And the answer: sports bra.
In 1977, Lisa Lindahl wanted a supportive yet comfortable bra to wear during her 30 miles of weekly jogging. Together with Hinda Miller and Polly Smith, she crafted a prototype by sewing two jockstraps together. In 1979, the Jogbra was patented, and cleared a barrier for women to participate in sports and other athletic pursuits.
Thanks to the creation of Lindahl, Miller, and Smith, women’s exercise got a whole lot more comfortable. Lindahl and her sister Victoria Woodrow were fed up with discomfort associated with exercising, and to the great relief of women everywhere, decided to innovate. Although the prototype was…rudimentary, to say the least (a jock-strap bra doesn’t sound all that enticing), experimentation and tinkering continued to elevate the design throughout the 80s and 90s. In the late 80s, an avid volleyball player named Renelle Braaten was tired of doubling up on sports bras to make it work, so she designed a hybrid that combined the popular compression style with encapsulating cups. The Enell sports bra, as it became known, is still a widely-used style today.

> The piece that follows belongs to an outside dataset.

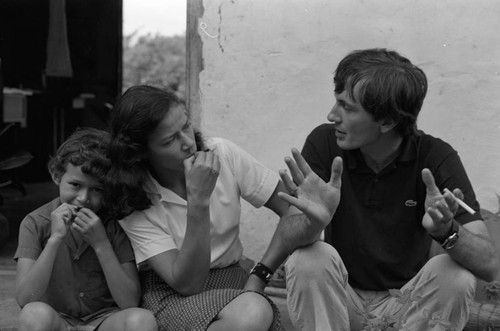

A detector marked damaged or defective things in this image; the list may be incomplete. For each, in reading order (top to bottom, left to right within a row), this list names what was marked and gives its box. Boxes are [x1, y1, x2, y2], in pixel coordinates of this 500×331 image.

cracked plaster wall [195, 0, 500, 260]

Meanwhile, the style continued to expand throughout the world. In 1999, after scoring the winning kick for the United States at the FIFA Women's World Cup Finals, player Brandi Chastain celebrated by spontaneously taking off her jersey and falling to her knees in a sports bra. Today, the image is considered as an iconic photograph of a woman celebrating an athletic victory, as it marks the first time that an international woman soccer player had removed her top and proudly worn her sports bra.
Due to the fact that women lack muscles in their chest, sports bras are extremely helpful tools for women to reduce strain on their ligaments and support better back health. Today, around 85% of all women who wear a sports bra to exercise agree that proper support helps to improve their enjoyment of exercise altogether.